HOW TO COMPLETE THIS TASK. Wherever the word "outside" shows up in the data, report the line it sits in.

SUPPLIED RECORDS.
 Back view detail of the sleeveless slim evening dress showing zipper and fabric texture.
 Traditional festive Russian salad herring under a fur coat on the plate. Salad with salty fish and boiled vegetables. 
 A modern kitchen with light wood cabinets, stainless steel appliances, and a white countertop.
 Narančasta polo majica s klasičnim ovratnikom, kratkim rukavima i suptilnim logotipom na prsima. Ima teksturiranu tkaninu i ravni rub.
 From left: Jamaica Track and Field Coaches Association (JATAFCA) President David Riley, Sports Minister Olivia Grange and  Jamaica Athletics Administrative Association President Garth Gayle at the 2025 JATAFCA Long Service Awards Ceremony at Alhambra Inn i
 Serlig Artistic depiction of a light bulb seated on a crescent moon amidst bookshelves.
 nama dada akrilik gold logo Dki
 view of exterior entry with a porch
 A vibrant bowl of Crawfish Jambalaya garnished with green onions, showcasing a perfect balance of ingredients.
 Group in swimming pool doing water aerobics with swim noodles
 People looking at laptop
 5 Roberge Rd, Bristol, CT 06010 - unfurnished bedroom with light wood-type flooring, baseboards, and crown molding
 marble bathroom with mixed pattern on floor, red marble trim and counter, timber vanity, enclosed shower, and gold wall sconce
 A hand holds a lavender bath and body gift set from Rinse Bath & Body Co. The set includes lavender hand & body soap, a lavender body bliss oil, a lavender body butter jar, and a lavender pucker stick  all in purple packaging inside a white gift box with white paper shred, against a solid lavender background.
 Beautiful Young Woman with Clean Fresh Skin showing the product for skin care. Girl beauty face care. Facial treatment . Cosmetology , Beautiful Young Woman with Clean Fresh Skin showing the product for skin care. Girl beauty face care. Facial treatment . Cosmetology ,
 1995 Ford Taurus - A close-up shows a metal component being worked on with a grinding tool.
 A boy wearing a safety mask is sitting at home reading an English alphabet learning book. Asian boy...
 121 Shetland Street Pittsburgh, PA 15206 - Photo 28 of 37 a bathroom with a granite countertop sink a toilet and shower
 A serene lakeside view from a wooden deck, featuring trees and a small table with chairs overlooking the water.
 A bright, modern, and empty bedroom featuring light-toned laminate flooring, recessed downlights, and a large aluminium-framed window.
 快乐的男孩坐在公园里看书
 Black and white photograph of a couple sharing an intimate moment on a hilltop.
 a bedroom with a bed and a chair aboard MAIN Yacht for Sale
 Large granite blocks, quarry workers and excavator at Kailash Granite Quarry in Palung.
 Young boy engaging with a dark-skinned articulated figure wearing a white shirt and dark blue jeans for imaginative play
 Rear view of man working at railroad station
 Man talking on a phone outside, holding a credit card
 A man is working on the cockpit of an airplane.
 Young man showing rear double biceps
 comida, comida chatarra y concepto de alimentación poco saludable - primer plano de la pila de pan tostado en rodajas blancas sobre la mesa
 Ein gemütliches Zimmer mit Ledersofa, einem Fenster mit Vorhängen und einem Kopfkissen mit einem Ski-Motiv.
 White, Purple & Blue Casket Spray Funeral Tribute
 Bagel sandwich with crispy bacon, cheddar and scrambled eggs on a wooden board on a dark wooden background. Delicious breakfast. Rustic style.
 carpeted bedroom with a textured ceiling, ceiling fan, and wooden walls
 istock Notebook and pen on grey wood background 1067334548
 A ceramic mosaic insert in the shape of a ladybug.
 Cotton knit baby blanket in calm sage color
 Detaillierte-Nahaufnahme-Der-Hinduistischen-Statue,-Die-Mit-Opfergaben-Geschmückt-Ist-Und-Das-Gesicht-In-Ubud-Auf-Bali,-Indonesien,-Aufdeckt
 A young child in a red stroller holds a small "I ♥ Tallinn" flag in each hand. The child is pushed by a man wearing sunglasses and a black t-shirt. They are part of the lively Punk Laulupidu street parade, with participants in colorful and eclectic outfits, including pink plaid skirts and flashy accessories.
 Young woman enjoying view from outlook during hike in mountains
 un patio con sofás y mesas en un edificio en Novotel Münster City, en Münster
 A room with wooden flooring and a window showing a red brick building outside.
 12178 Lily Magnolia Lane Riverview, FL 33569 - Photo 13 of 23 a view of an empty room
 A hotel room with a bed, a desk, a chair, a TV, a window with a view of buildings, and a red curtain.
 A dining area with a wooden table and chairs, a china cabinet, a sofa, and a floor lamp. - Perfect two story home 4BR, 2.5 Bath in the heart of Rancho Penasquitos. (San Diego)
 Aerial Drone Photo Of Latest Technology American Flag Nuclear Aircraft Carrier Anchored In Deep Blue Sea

OUTPUT BELOW.
 Man talking on a phone outside, holding a credit card
 A room with wooden flooring and a window showing a red brick building outside.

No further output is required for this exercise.